The Research of Thorndike and Skinner

Psychologist Edward L. Thorndike (1874–1949) was the first scientist to systematically study operant conditioning. In his research, Thorndike (1898) observed cats who had been placed in a “puzzle box” from which they tried to escape. At first, the cats scratched, bit, and swatted haphazardly. Eventually, and accidentally, they pressed the lever that opened the door and exited to their prize, a scrap of fish. The next time the cat was constrained within the box, the cat attempted fewer of the ineffective responses before carrying out the successful escape. After several trials, the cat learned to almost immediately perform the correct response.

Observing these changes in the cats’ behavior led Thorndike to develop his law of effect, the principle that responses that create a typically pleasant outcome in a particular situation are more likely to occur again in a similar situation, whereas responses that produce a typically unpleasant outcome are less likely to occur again in the situation (Thorndike, 1911). The essence of the law of effect is that successful responses, because they are pleasurable, are “stamped in” by experience and thus occur more frequently. Unsuccessful responses, which produce unpleasant experiences, are “stamped out” and subsequently occur less frequently.

The influential behavioral psychologist B. F. Skinner (1904–1990) expanded on Thorndike’s ideas to develop a more complete set of principles to explain operant conditioning. Skinner created specially designed environments known as operant chambers (usually called Skinner boxes) to systemically study learning. A Skinner box, (or operant chamber) is a structure that is big enough to fit a rodent or bird and that contains a bar or key that the organism can press or peck to release food or water. It also contains a device to record the animal’s responses.

The most basic of Skinner’s experiments was quite similar to Thorndike’s research with cats. A rat placed in the chamber reacted as one might expect, scurrying about the box and sniffing and clawing at the floor and walls. Eventually, the rat chanced upon a lever, which it pressed to release pellets of food. The next time around, the rat took a little less time to press the lever, and on successive trials, the time it took to press the lever became shorter and shorter. Eventually, the rat was pressing the lever as fast as it could eat the food that appeared. As predicted by the law of effect, the rat had learned to repeat the action that brought about the food and cease the actions that did not.

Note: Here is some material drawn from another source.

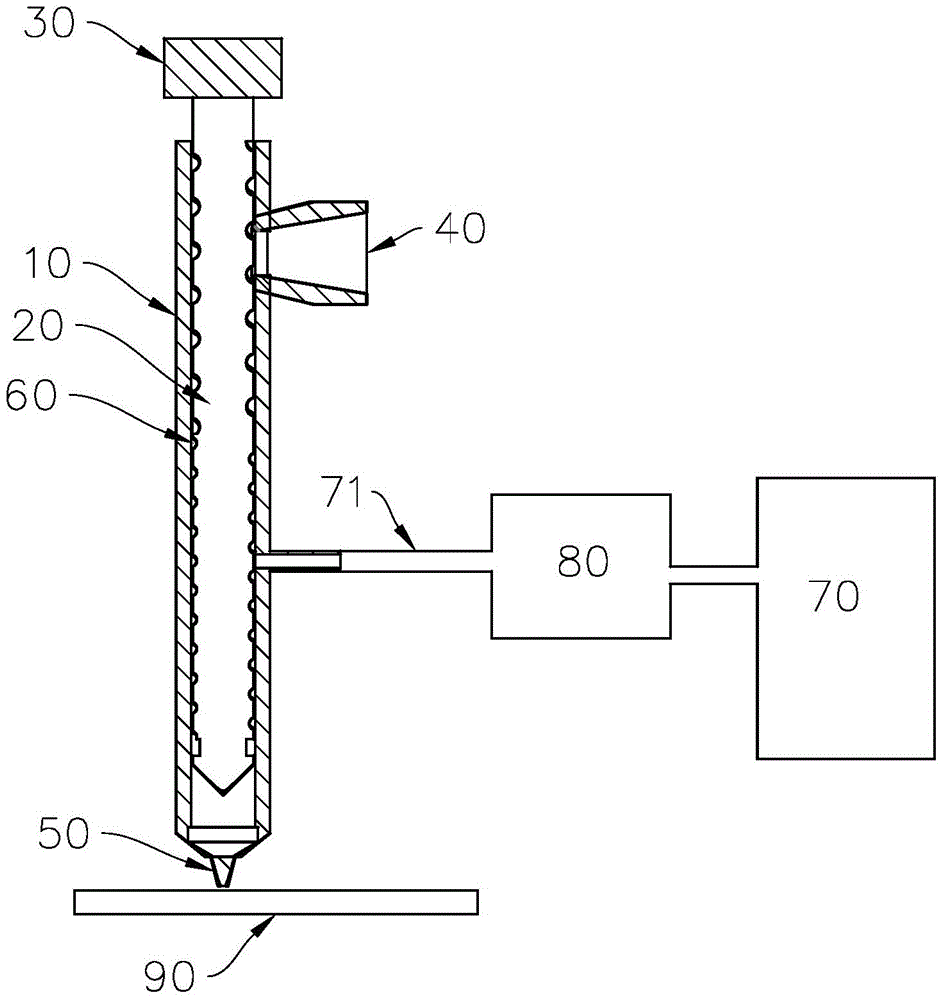 Three-dimensional printer and printing method and three-dimensional printing head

Reinforcement and Punishment

Skinner studied, in detail, how animals changed their behavior through reinforcement and punishment, and he developed terms that explained the processes of operant conditioning. Skinner used the term reinforcer to refer to any event that strengthens or increases the likelihood of a behavior, and the term punisher to refer to any event that weakens or decreases the likelihood of a behavior. He used the term positive to refer to “giving or applying” and the term negative to refer to “reducing or removing.” Thus, positive reinforcement strengthens a response by giving or applying something pleasant after the response, and negative reinforcement strengthens a response by reducing or removing something unpleasant. For example, giving a child praise for completing homework represents positive reinforcement, whereas taking aspirin to reduce or remove the pain of a headache represents negative reinforcement. In both cases, the reinforcement makes it more likely that the behavior will occur again in the future.

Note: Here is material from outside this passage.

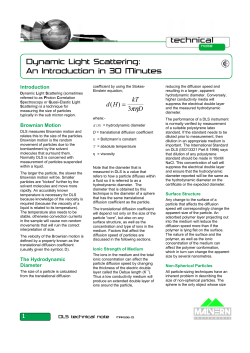 Dynamic Light Scattering: An Introduction in 30 Minutes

How Positive Reinforcement, Negative Reinforcement, and Punishment Influence Behavior

Operant Conditioning Term Description Outcome Example
Positive Reinforcement Add or increase a pleasant stimulus Behavior is strengthened Giving a student a prize after he gets an ‘A’ on a test
Negative Reinforcement Reduce or remove an unpleasant stimulus Behavior is strengthened Taking painkillers that eliminate pain increases the likelihood you will take painkillers again
Positive Punishment Present or add an unpleasant stimulus Behavior is weakened Giving a student extra homework after misbehavior in class
Negative Punishment Reduce or remove a pleasant stimulus Behavior is weakened Taking away an adolescent’s phone after missing curfew

Reinforcement, either positive or negative, works by increasing the likelihood of a behavior. Punishment, on the other hand, refers to any event that weakens or reduces the likelihood of a behavior. Positive punishment, which is also referred to as punishment by application, weakens a response by presenting something unpleasant after the response, whereas negative punishment, also called punishment by removal, weakens a response by reducing or removing something pleasant. A child who is given additional chores after fighting with a sibling (positive punishment because it “gives” the undesired chores) or who loses the opportunity to go to recess after getting a poor grade (negative punishment because it “takes away” the desired time in recess) would be less likely to repeat these operants (behaviors that initiate consequences), such as fighting or getting poor grades.

Although the distinction between reinforcement (which increases behavior) and punishment (which decreases it) is usually clear; in some cases, it is difficult to determine whether a reinforcer is positive or negative. On a hot day a cool breeze could be seen as a positive reinforcer (because it brings in the desired cool air) or a negative reinforcer (because it takes away the undesired hot air). In other cases, reinforcement can be both positive and negative. One may smoke a cigarette both because it brings pleasure (positive reinforcement) and because it eliminates the craving for nicotine (negative reinforcement).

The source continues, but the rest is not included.